Собаку, кысу, теленка, петушка или даже волчонка, в тайге найденного, приручить – известное дело. А соболя или песца ручными сделать нельзя – не домашняя, дикая у них природа. Парася стала для Степана соболенком, которого он сумел сделать ласковой кысой. Сначала разговорами-беседами, потом осторожными дотрагиваниями. Приручал Парасю к себе не из гордого самомнения, не для забавы, а по велению сердца, неожиданно и сладко растревоженного. Когда Парася научилась не прятать глаза, смотреть на него, и во взгляде ее был океан любви, веры, надежды, счастья, Степан почувствовал ответственность не меньшую, чем за мировой пролетариат и всемирную революцию. Великая Цель стала вдруг почти вровень с целью бытовой – сделать Парасю счастливой, иметь от нее детей, выстроить свой семейный коммунизм.

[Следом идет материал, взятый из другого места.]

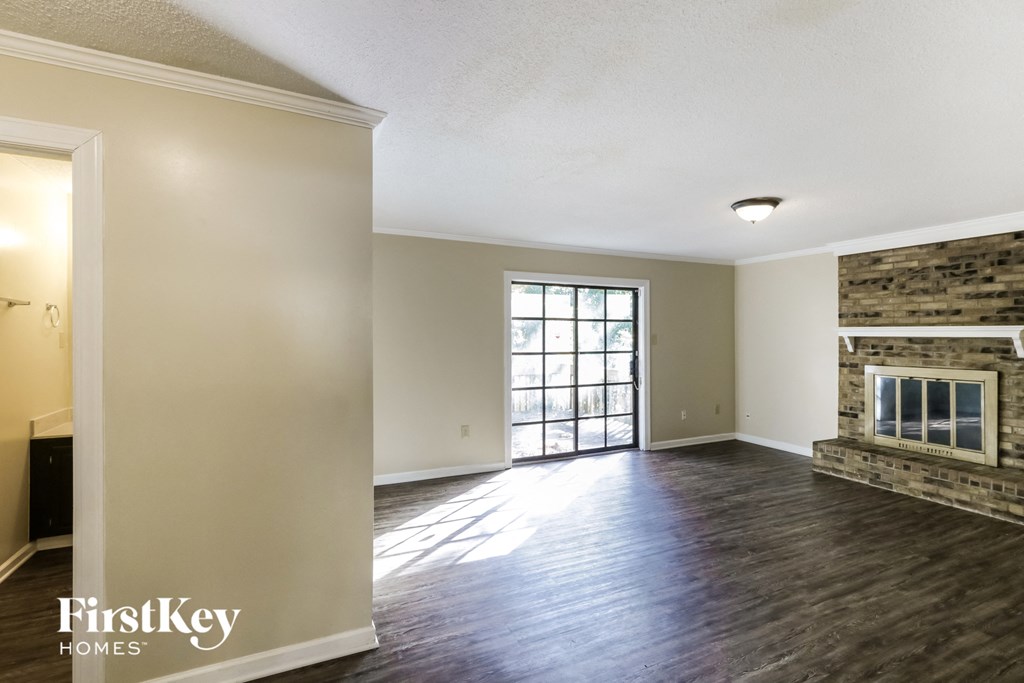 an empty living room with a fireplace and wood flooring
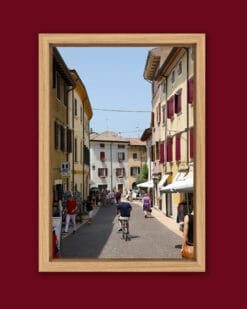 Colorful framed print of a man riding a bike in a street of Lazise, Italy taken by Photographer Scott Allen Wilson.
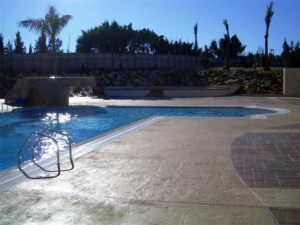Sunlit swimming pool and patio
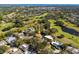 Wide aerial showcasing home's location near golf course at 2781 Westchester Dr S, Clearwater, FL 33761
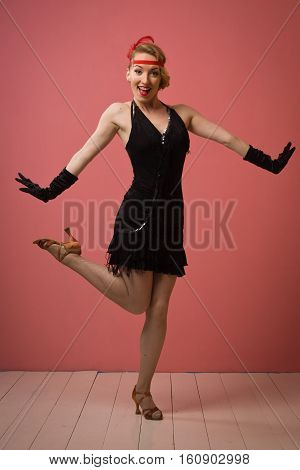 Pretty Actress In Black Retro Dress Dancing Charleston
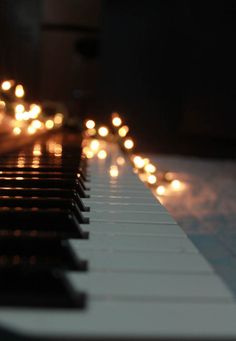 a piano with many lights on it in the dark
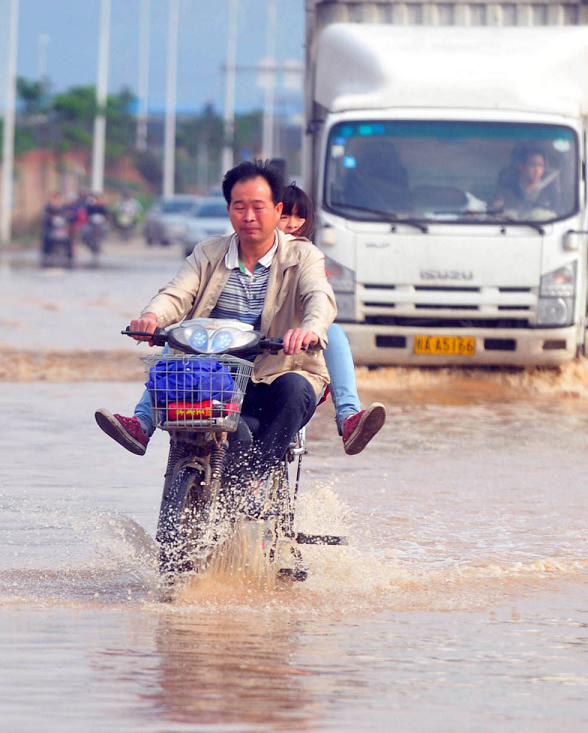 A man rides on the submerged Lingxiu Road in Nanning, capital of south China's Guangxi Zhuang autonomous region, April 2, 2013. Parts of the autonomous region, including Nanning, Yulin and Qinzhou, witnessed a heavy rainfall on Tuesday, where rainstorm alerts were issued by local meteorological authorities. (Xinhua/Huang Xiaobang)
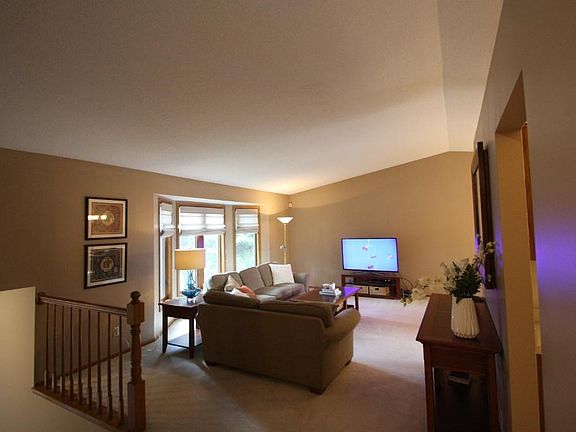 Bay windows in the living room gather morning sunlight.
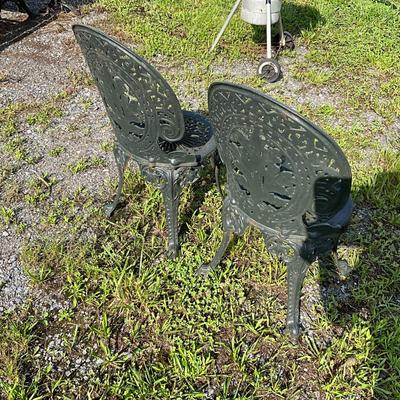 890 Pair of Cast Iron Chairs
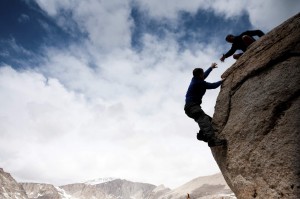 person helping aother on cliff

По общему мнению, «Степан не в отца пошел», их сходство ограничивалось внешностью. На самом деле у них было много единого. И тот и другой – фанатичные идеалисты. Только идеи разные: один бредил красотой и хотел поспорить с природой, второй мечтал о всеобщем счастье и переломе существующего миропорядка. И в отношениях с женщинами у них был одинаковый пусковой механизм чувственности – жалость. Хотя у Еремея Николаевича эта жалость не простиралась дальше полового удовлетворения – любовь к женщине никогда не была для него источником вдохновения. Степан Еремеевич, напротив, при отсутствии художественных талантов, был способен поэтизировать женщину, испытывать в ней потребность не только под одеялом.